*Materials provided*:
════════

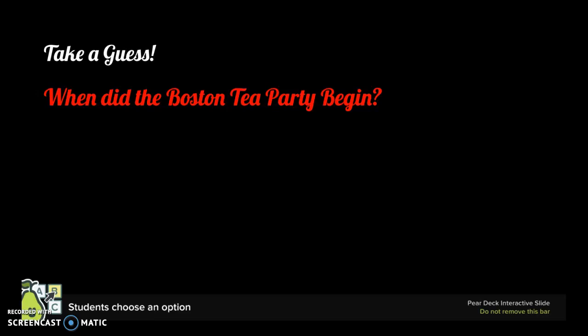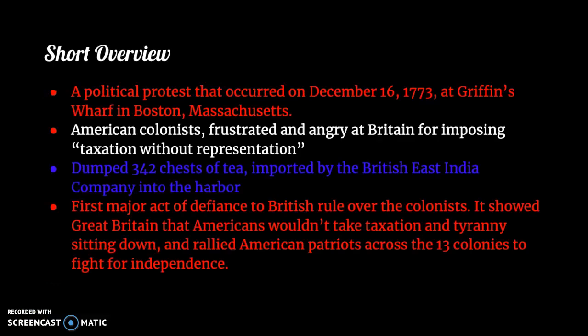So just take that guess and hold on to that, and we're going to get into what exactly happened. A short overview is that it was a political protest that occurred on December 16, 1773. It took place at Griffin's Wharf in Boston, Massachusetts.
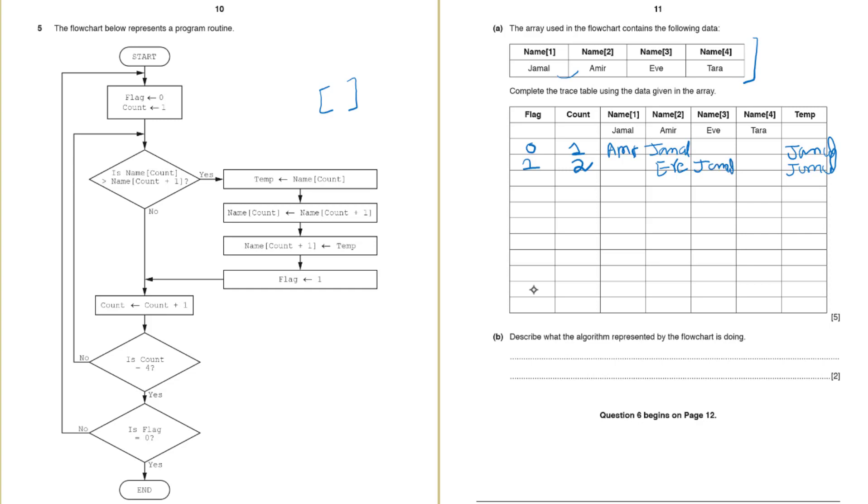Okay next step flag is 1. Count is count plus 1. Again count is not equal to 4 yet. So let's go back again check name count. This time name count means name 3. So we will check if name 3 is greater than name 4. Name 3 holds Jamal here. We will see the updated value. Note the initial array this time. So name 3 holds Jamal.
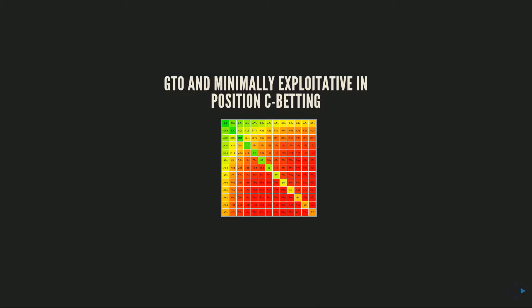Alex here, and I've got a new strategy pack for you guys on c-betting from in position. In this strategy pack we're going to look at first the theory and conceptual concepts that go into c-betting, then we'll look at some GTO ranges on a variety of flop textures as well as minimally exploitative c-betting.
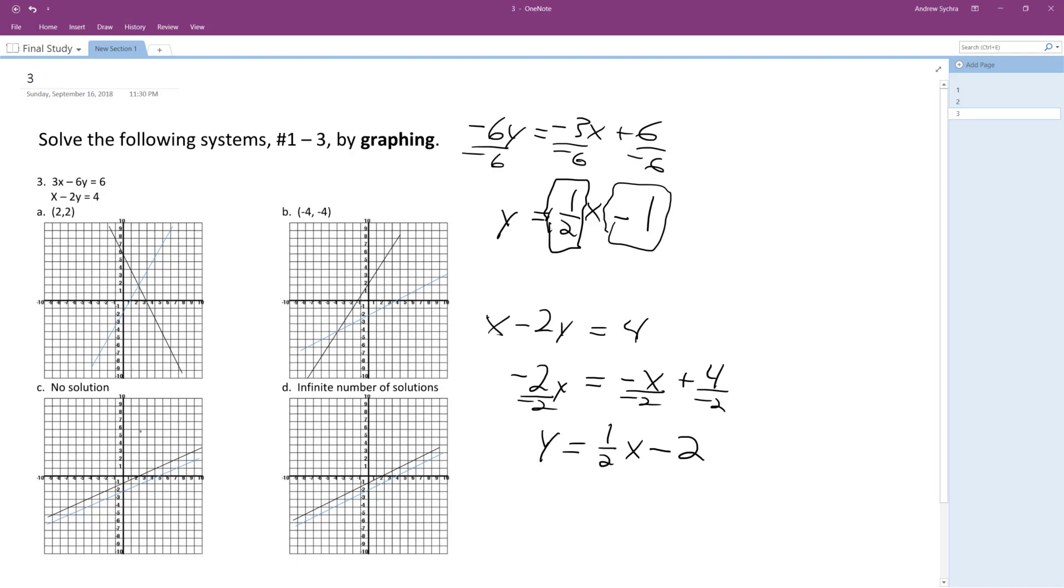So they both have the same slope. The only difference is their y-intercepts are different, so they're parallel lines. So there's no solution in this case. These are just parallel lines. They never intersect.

════════

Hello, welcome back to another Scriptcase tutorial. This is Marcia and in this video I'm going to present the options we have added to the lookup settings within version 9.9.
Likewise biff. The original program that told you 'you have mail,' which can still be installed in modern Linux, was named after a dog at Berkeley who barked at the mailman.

════════

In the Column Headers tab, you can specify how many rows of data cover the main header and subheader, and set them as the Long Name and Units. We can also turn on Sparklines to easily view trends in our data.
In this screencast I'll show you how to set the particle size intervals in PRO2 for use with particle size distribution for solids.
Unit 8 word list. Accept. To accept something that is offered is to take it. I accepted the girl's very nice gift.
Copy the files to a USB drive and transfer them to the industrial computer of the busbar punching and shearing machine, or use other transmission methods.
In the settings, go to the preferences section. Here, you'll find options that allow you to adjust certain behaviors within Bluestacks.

════════

*Problem to work on*:
Read the data above. Pull out each line in which the string "within" appears.

*Written answer*:
Hello, welcome back to another Scriptcase tutorial. This is Marcia and in this video I'm going to present the options we have added to the lookup settings within version 9.9.
In the settings, go to the preferences section. Here, you'll find options that allow you to adjust certain behaviors within Bluestacks.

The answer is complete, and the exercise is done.